Dataset items:

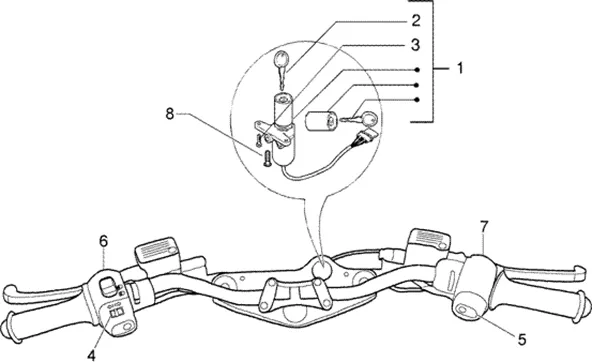 Dispositifs electriques - commutateur à clef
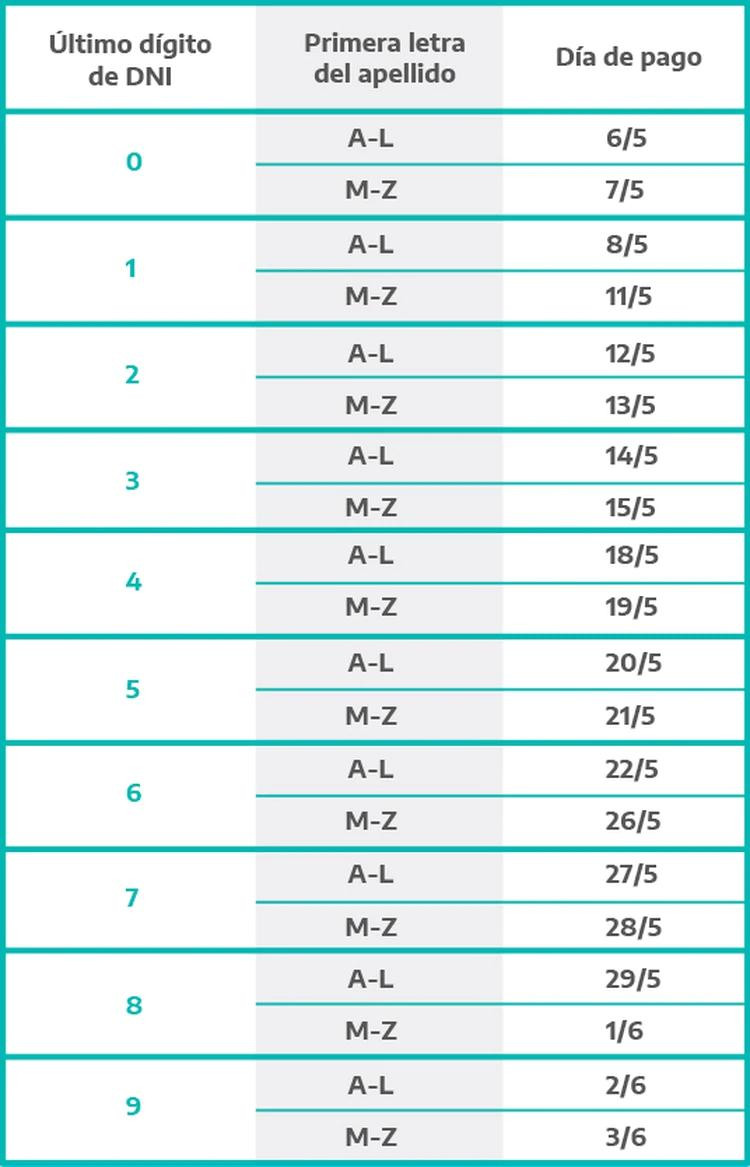 ANSES, IFE, 5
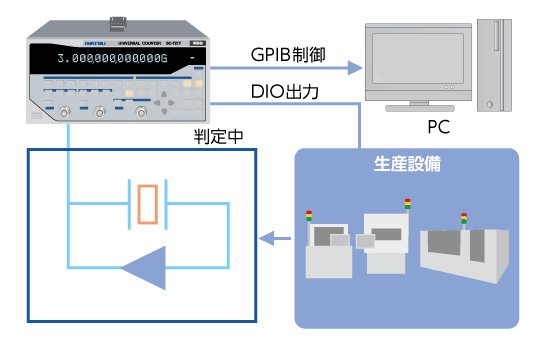 水晶発振器、セラロック、エンコーダの周波数/パルス測定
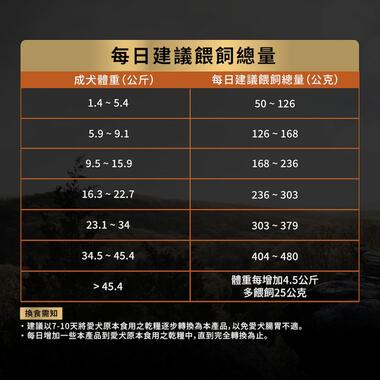 冠能成犬鮮鮭活力配方
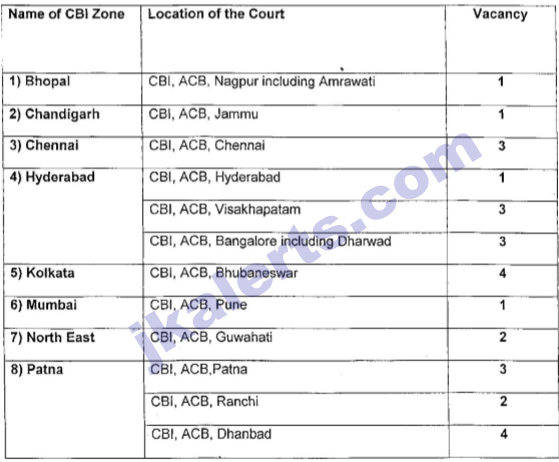 CBI Jobs in Jammu and Various other zones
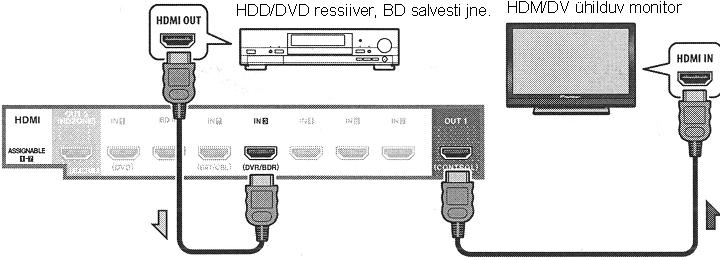 HDD/DVD salvesti, BD salvesti ja muude videoallikate ühendamine Käesoleval ressiiveril on kaks komplekti audio/video sisendeid ja väljundeid, mis võimaldavad ühendada analoog ja digitaalseid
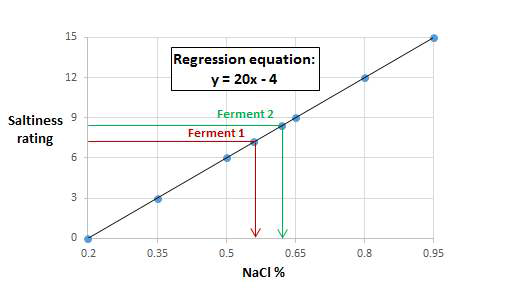 Regression of NaCl % and saltiness rating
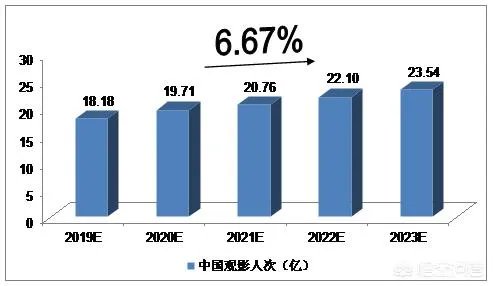 2019国产电影票房能否超过2018年呢?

[Try it]: Your copy should match the data above exactly, apart from the pictures.

[Result for this task]:
 Dispositifs electriques - commutateur à clef
 ANSES, IFE, 5
 水晶発振器、セラロック、エンコーダの周波数/パルス測定
 冠能成犬鮮鮭活力配方
 CBI Jobs in Jammu and Various other zones
 HDD/DVD salvesti, BD salvesti ja muude videoallikate ühendamine Käesoleval ressiiveril on kaks komplekti audio/video sisendeid ja väljundeid, mis võimaldavad ühendada analoog ja digitaalseid
 Regression of NaCl % and saltiness rating
 2019国产电影票房能否超过2018年呢?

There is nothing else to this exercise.